“Sejarah pers Indonesia dan tokoh-tokohnya ini mesti terus dikenang. Dari Sumbar, hampir semua tokoh hebat pejuang bangsa itu berlatarbelakang wartawan, penulis dan juga guru,” ucap wartawan senior pemegang Press Card Number One dari PWI tahun 2016 ini.
Kondisi Pers Ranah Minang dan Ancaman Regenerasi Wartawan
Khairul Jasmi menyebutkan, pers berkualitas bukanlah pers yang main hantam kromo membabi buta begitu saja. Lebih dari itu, pers yang baik adalah pers yang berintegritas dan tidak kehilangan daya kritis.

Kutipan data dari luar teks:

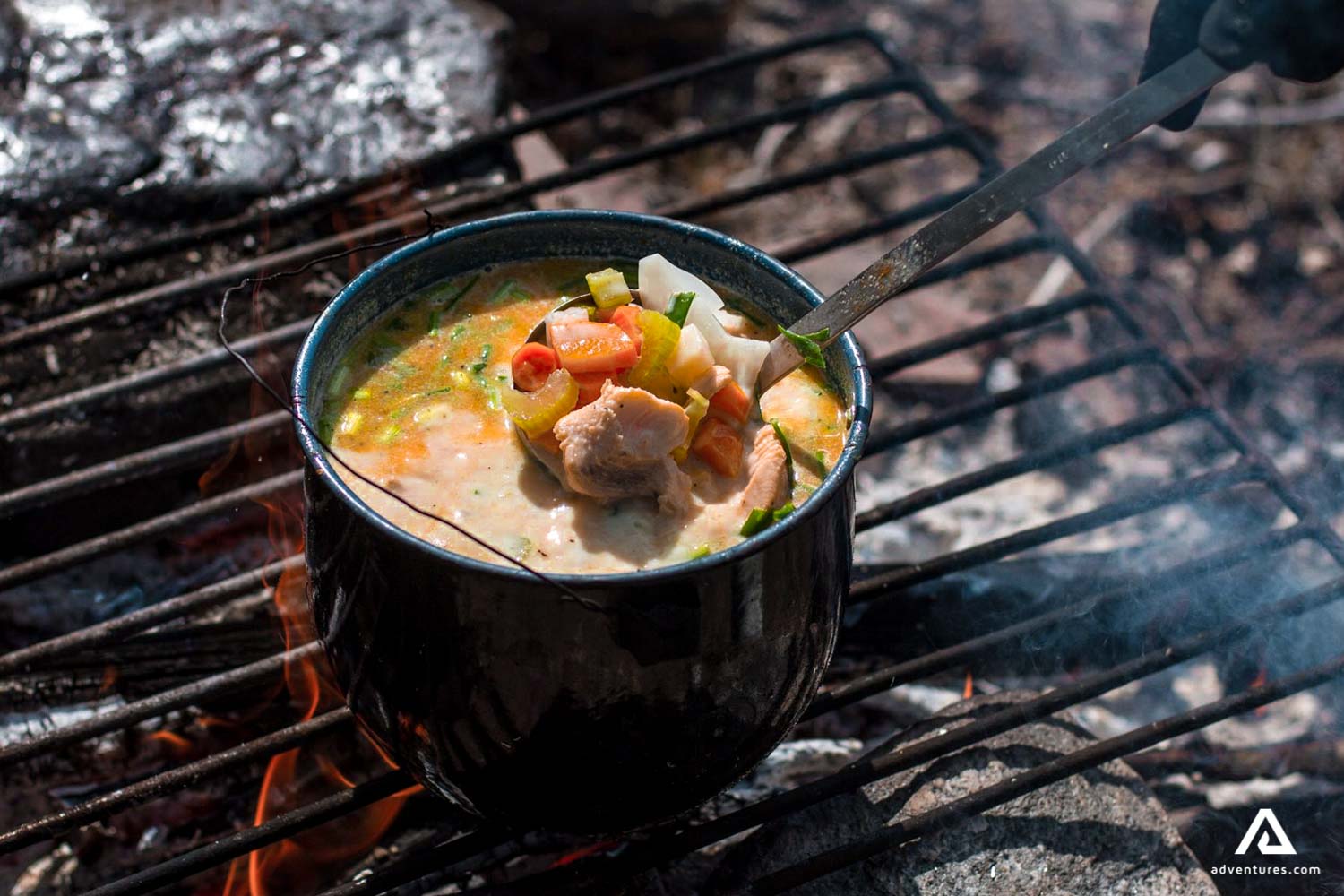 cooking fish veggie soup on a campfire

“Yaitu, pers yang mampu memberikan insight mencerdaskan masyarakat, serta istiqomah bekerja sesuai kode etik jurnalistik, guna mengawal dan menjaga kebijakan penguasa agar tidak merugikan masyarakat banyak,” katanya.
Terkait terjun bebasnya Indeks Kemerdekaan Pers (IKP) Sumbar ke posisi 34 dari 38 provinsi di Indonesia, ia menjelaskan bahwa salah satu indikator penting IKP adalah tingkat kesejahteraan wartawan atau jurnalis di daerah.

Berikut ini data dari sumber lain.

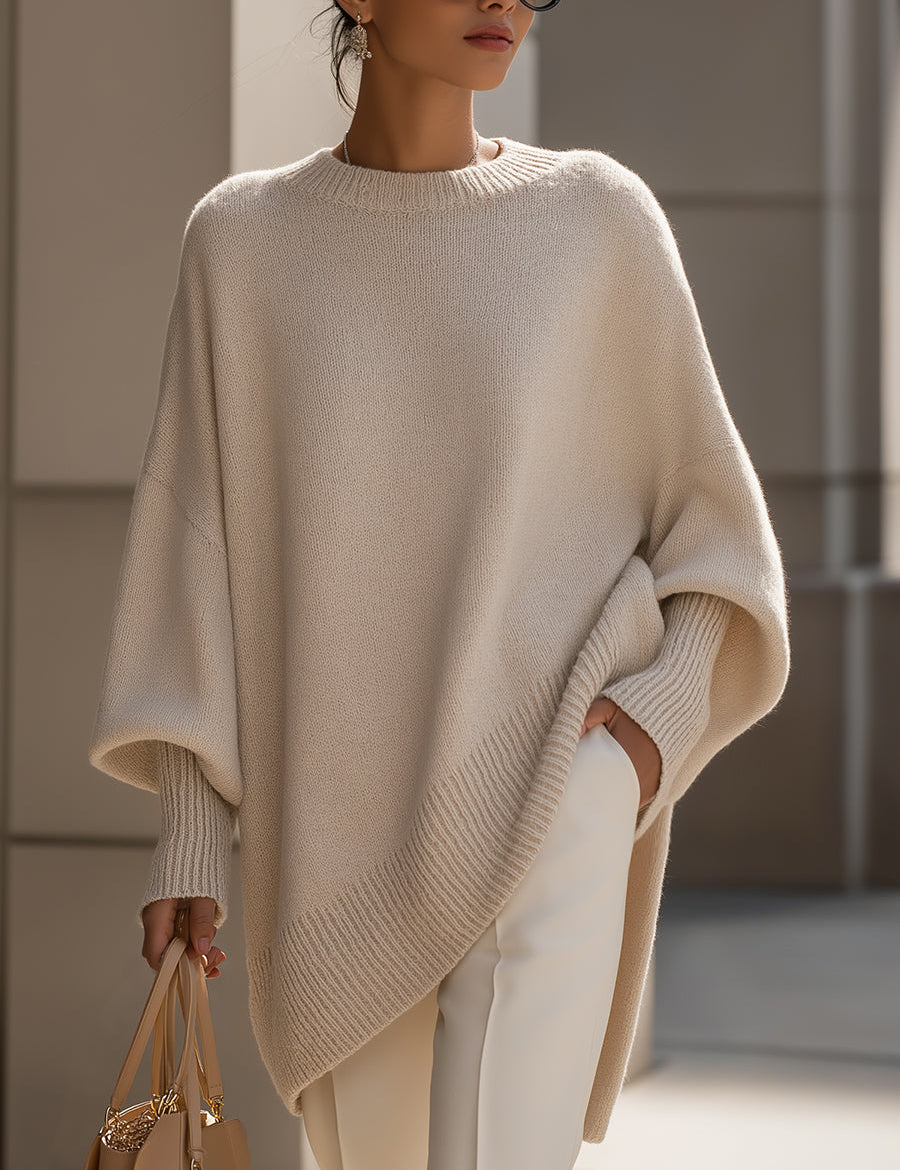 Beige oversized pullover sweater with ribbed crew neck and extended sleeve cuffs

Dengan kondisi banyaknya perusahaan swasta skala besar yang beroperasi di Kalsel dan Kaltim, ekonomi media di dua provinsi itu jelas lebih ‘Sehat’ dibandingkan daerah lainnya.
“Bahkan iklan termahal di luar Jakarta, ada di Kalsel dan Kaltim. Tapi di daerah lain, termasuk Sumbar, hampir semua lembaga media nyaris bangkrut, bahkan ada yang tidak mampu menggaji wartawannya,” ucap KJ.
Melemahnya ekonomi industri media lokal yang salah satu penyebabnya adalah beralihnya porsi iklan pemerintah maupun swasta ke media sosial atau Influencer ini. Menurut KJ, ini adalah ancaman nyata bagi masa depan regenerasi atau kaderisasi wartawan di Sumatra Barat.
Sebab, dengan ketidakpastian penghasilan dan kesejahteraan yang dijanjikan profesi wartawan, anak muda utamanya generasi millenial atau Gen Z pasti akan berpikir dua kali untuk memutuskan terjun secara profesional ke dunia jurnalistik.